BEGIN Supplied material
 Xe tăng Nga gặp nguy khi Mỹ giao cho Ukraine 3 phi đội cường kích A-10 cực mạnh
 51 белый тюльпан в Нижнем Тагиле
END Supplied material
BEGIN Supplied material
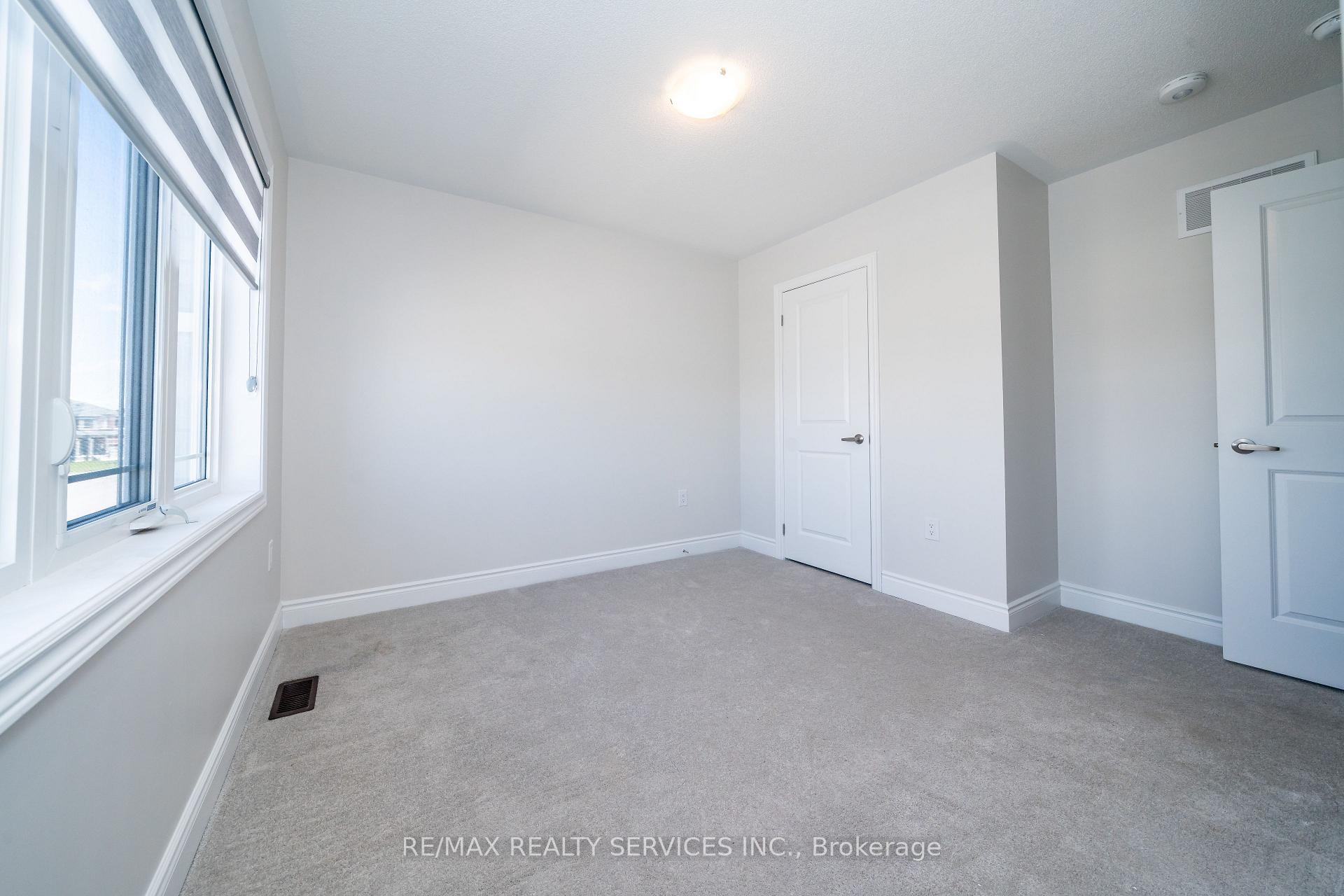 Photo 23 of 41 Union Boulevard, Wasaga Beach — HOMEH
END Supplied material
§ **Work required**
Using the entries above, return exactly the lines from the line with "Xe tăng Nga" to the line with "51 белый тюльпан в Нижнем Тагиле", counting both of those lines.

§ **Exercise answer**
 Xe tăng Nga gặp nguy khi Mỹ giao cho Ukraine 3 phi đội cường kích A-10 cực mạnh
 51 белый тюльпан в Нижнем Тагиле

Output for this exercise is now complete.